3.6. Determination of Stability Constant

The stability constant of β-CD with SA was calculated using UV–vis spectrophotometry (UV-2450, Shimadzu, Japan) at 235 nm. Different concentrations of β-CD (0, 1.0, 2.0, 3.0, 4.0, and 5 × 10⁻³ mol/L) were mixed with 2.0 × 10⁻⁴ mol/L SA. All the solutions were stirred at 200 rpm and kept at 25 °C for 6 h before the measurements.

3.7. Characterization of the Inclusion Complex

The Fourier transform infrared (FTIR) spectra of the samples were collected on a Nicolet 6700 spectrometer (Thermo Scientific, USA) with KBr pellets, in the region 4000—400 cm⁻¹. The 1H NMR and 2D ROESY spectra were acquired using a Bruker 400 spectrometer (Bruker BioSpin AG, Fallanden, Switzerland) at room temperature. D₂O was used as an internal reference [34]. The TG experiments were performed using a NETZSCH STA 449 C thermal analysis system. All the samples were about 6.0 mg and were heated to 550 °C at a rate of 10 °C/min under a constant N₂ flow.

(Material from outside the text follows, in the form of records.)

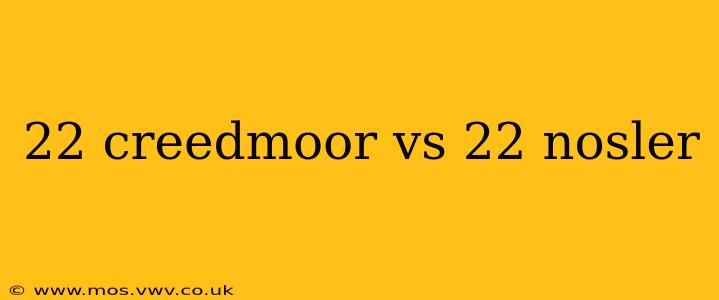 22 creedmoor vs 22 nosler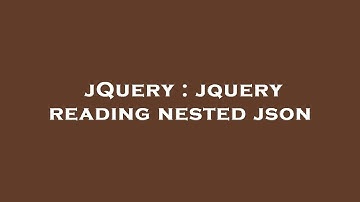 jQuery : jquery reading nested json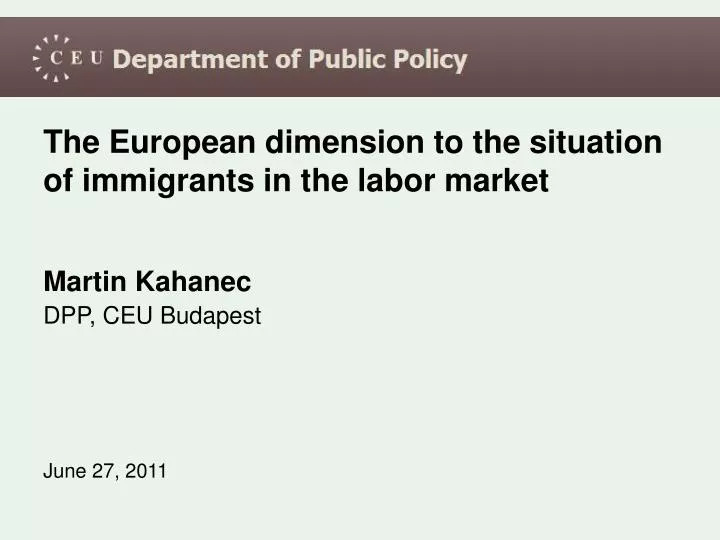 the european dimension to the situation of immigrants in the labor market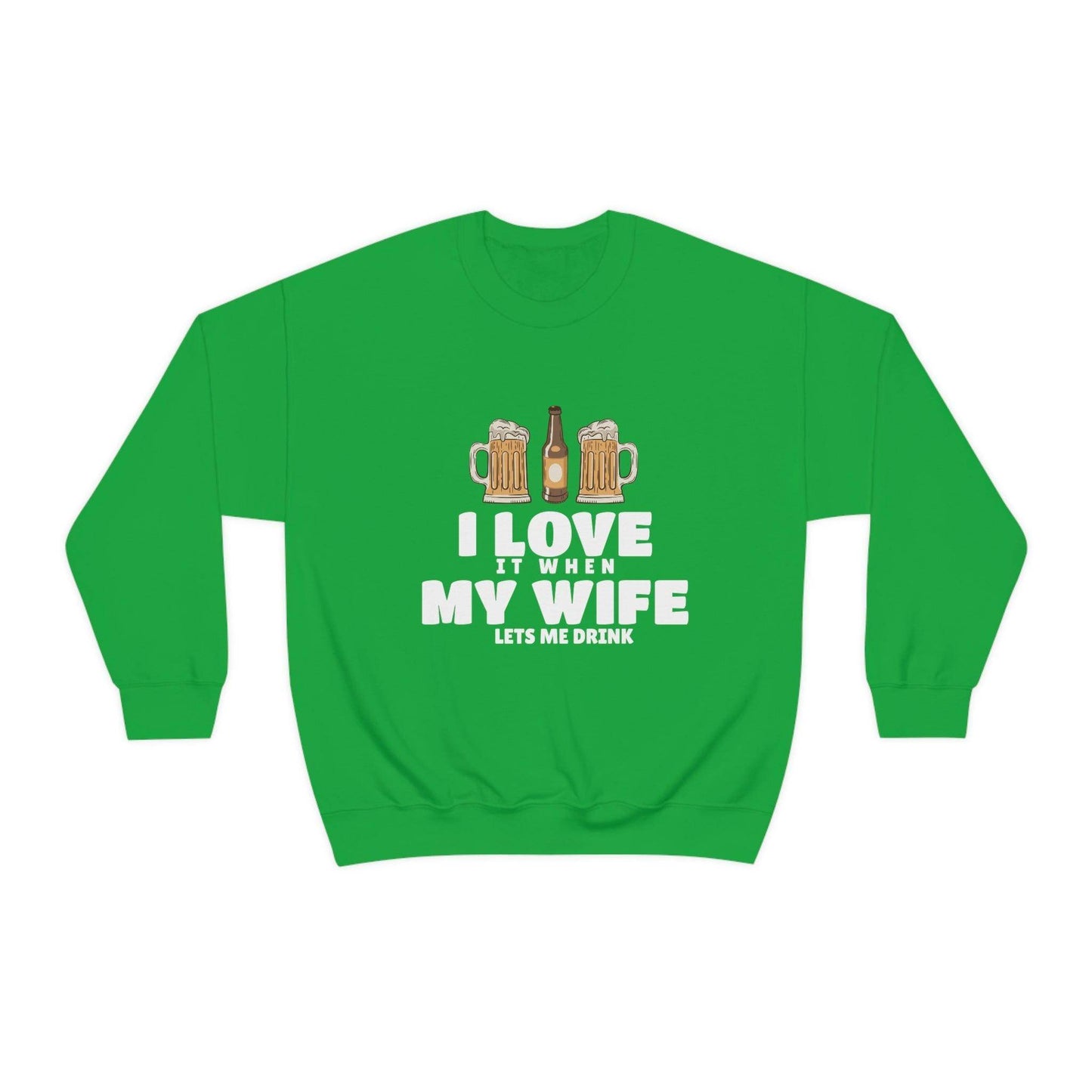 I Love It When MY Wife Lets me Drink Crewneck Sweatshirt - Giftsmojo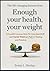 The Life-Changing Lessons from Enough: Your Health, Your Weight: Actionable Lessons from Dr. Ania Jastreboff and Oprah Winfrey's Path to Healing and Freedom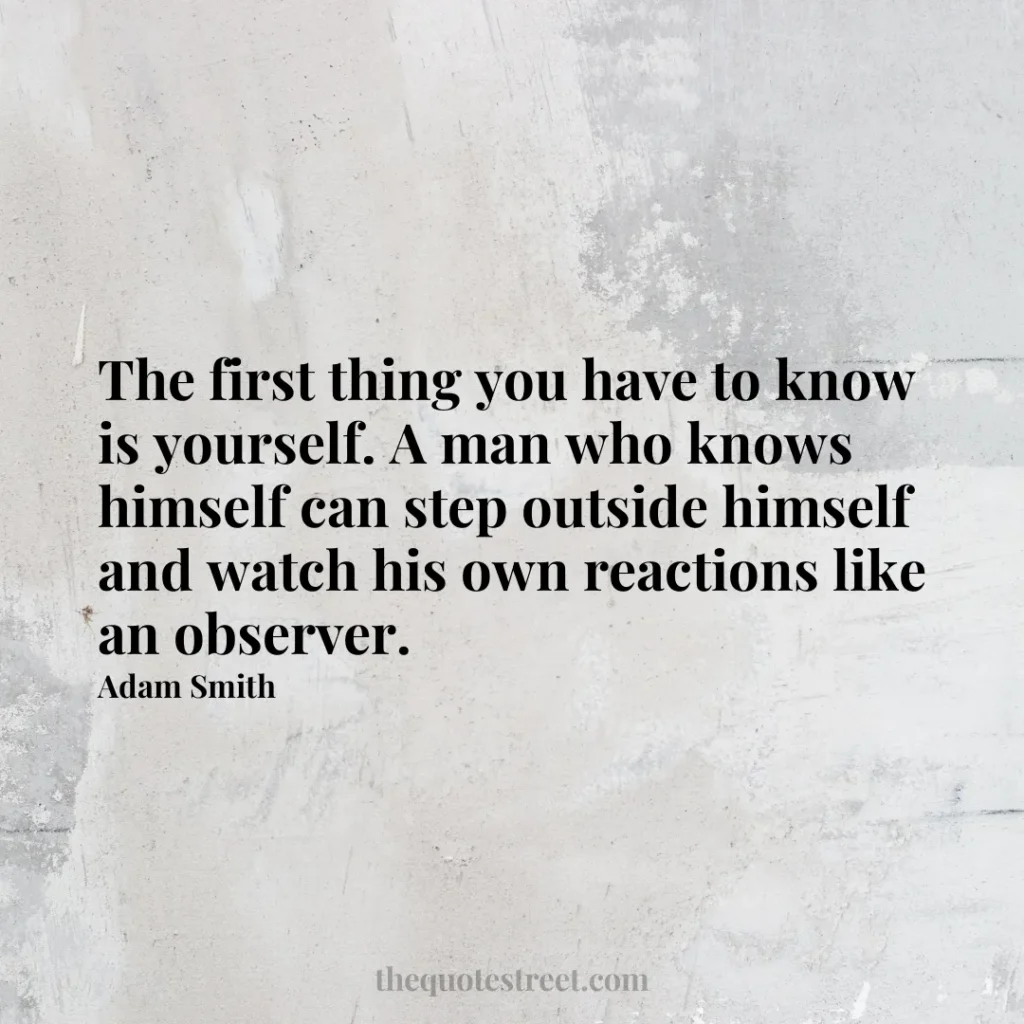 The first thing you have to know is yourself. A man who knows himself can step outside himself and watch his own reactions like an observer. - Adam Smith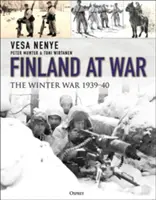 Finsko ve válce: Zimní válka 1939-40 - Finland at War: The Winter War 1939-40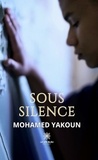 Yakoun Mohamed - Sous silence.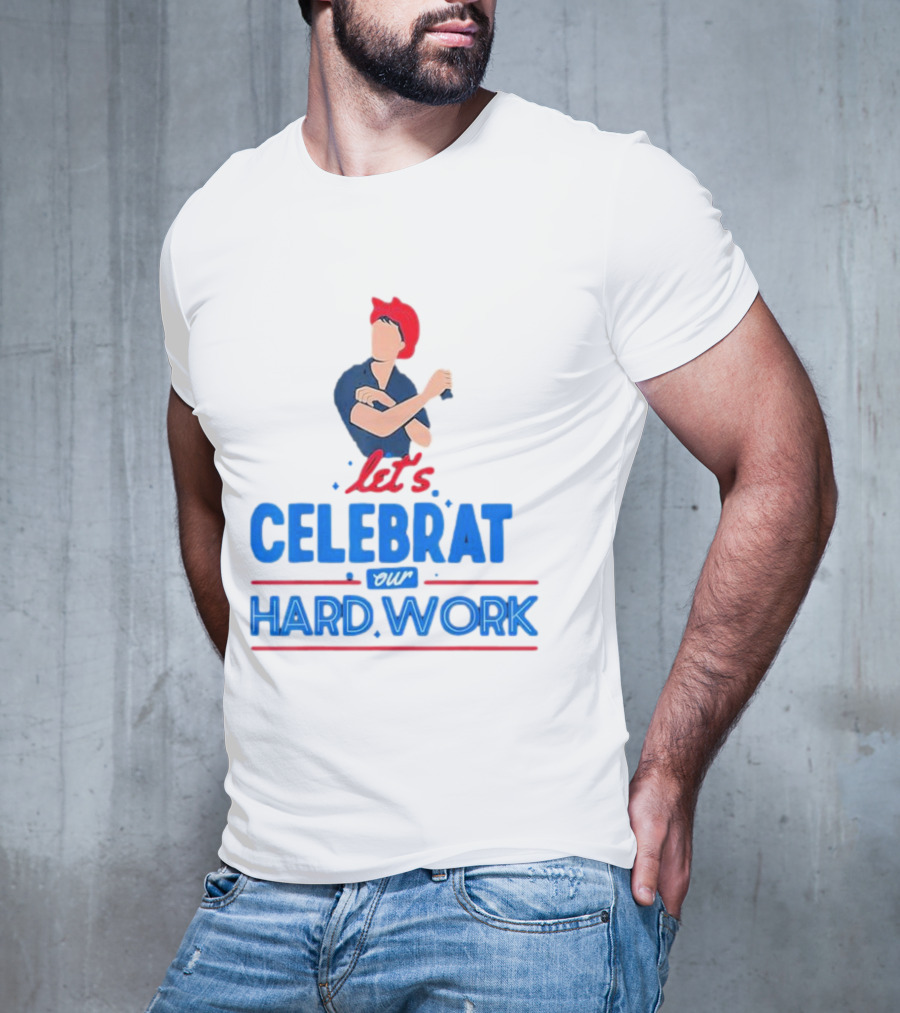 Let's Celebrate Our Hard Work Rosie The Riveter T-Shirt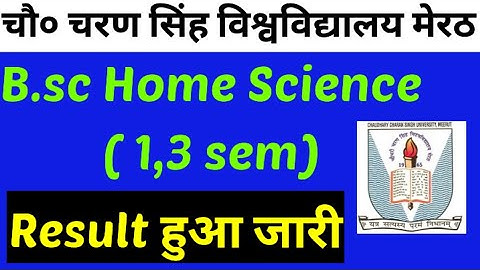 CCS UNIVERSITY MEERUT b.sc home science 1, 3 semester result download 2023 all new update 13-6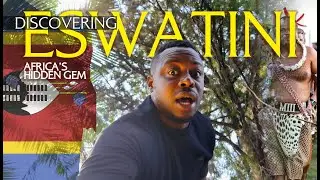 Discovering ESWATINI  | FULL VIDEO | 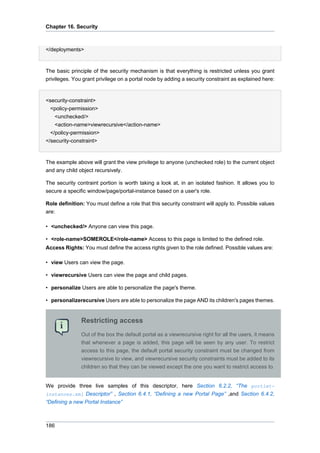 Chapter 16. Security

</deployments>

The basic principle of the security mechanism is that everything is restricted unless you grant
privileges. You grant privilege on a portal node by adding a security constraint as explained here:

<security-constraint>
<policy-permission>
<unchecked/>
<action-name>viewrecursive</action-name>
</policy-permission>
</security-constraint>

The example above will grant the view privilege to anyone (unchecked role) to the current object
and any child object recursively.
The security contraint portion is worth taking a look at, in an isolated fashion. It allows you to
secure a specific window/page/portal-instance based on a user's role.
Role definition: You must define a role that this security constraint will apply to. Possible values
are:
• <unchecked/> Anyone can view this page.
• <role-name>SOMEROLE</role-name> Access to this page is limited to the defined role.
Access Rights: You must define the access rights given to the role defined. Possible values are:
• view Users can view the page.
• viewrecursive Users can view the page and child pages.
• personalize Users are able to personalize the page's theme.
• personalizerecursive Users are able to personalize the page AND its children's pages themes.

Restricting access
Out of the box the default portal as a viewrecursive right for all the users, it means
that whenever a page is added, this page will be seen by any user. To restrict
access to this page, the default portal security constraint must be changed from
viewrecursive to view, and viewrecursive security constraints must be added to its
children so that they can be viewed except the one you want to restrict access to.

We provide three live samples of this descriptor, here Section 6.2.2, “The portletinstances.xml Descriptor” , Section 6.4.1, “Defining a new Portal Page” ,and Section 6.4.2,
“Defining a new Portal Instance”

186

3.8. Computational Methods

All theoretical calculations were carried out using the Gaussian 03 software package [35,36]. β-CD and SA were the host molecule and the guest model, respectively. The geometry of β-CD was built using CS Chem3D Ultra (version 8.0) and was fully optimized using the PM3 method without imposing any symmetry restrictions [37]. The glycosidic oxygen atoms of β-CD were placed on the X–Y plane, and their center was defined as the center of the Cartesian coordinate system. The primary hydroxyl groups of β-CD were pointed toward the positive direction of the Z-axis. The inclusion complex was constructed from the PM3-optimized β-CD and the corresponding guest molecule. The longer dimension of the guest molecule was initially placed onto the Z-axis, and the relative position between the host and the guest was measured as the Z-coordinate of the labeled carbon atom of the guest, as shown in Figure 9 [38]. The coordinate systems for the inclusion process of the guest into β-CD are shown in Figure 9. The inclusion complex was emulated by introducing the guest molecule at one end of the β-CD and allowing it to pass through the β-CD in steps. For each step, the geometry of the complex was fully optimized by PM3 without imposing any symmetry restrictions. DFT single-point calculations at the level of B3LYP/3-21G* were performed for the PM3-optimized complex in vacuo. The binding energy (BE) could be expressed as in Equation (7):

BE = E_complex − E_host − E_guest

(7)

In this equation, E_complex is the total energy of the inclusion complex, E_guest is the total energy of the guest, and E_host is the total energy of the host.

4. Conclusions

In this study, an SA/β-CD complex was successfully prepared. Compared to the hydroalcoholic gel or SA, the decay rate of banana fruits was significantly decreased after treatment with SA/β-CD hydroalcoholic gel. The antioxidant activity of SA was improved when it was included by β-CD in the hydroalcoholic gel. The complex was further analyzed by FTIR, UV–Vis, TG, ¹H NMR, and 2D NOSEY. The complexation process of SA with β-CD was also determined using the two-layered hybrid ONIOM method. A 1:1 SA/β-CD complex with a stability constant of 928 M⁻¹ was determined. The TGA results also indicated that the thermal stability of SA was significantly enhanced due to the formation of the inclusion complex. ¹H NMR and 2D NOSEY studies confirmed the inclusion and provided information on the geometry of SA inside the β-CD cavity. Theoretical calculations and the NMR results explained why the stability and the antioxidant activity were increased when SA was included into β-CD. In brief, the SA/β-CD complex could be used to counter oxidation and therefore preserve fruit.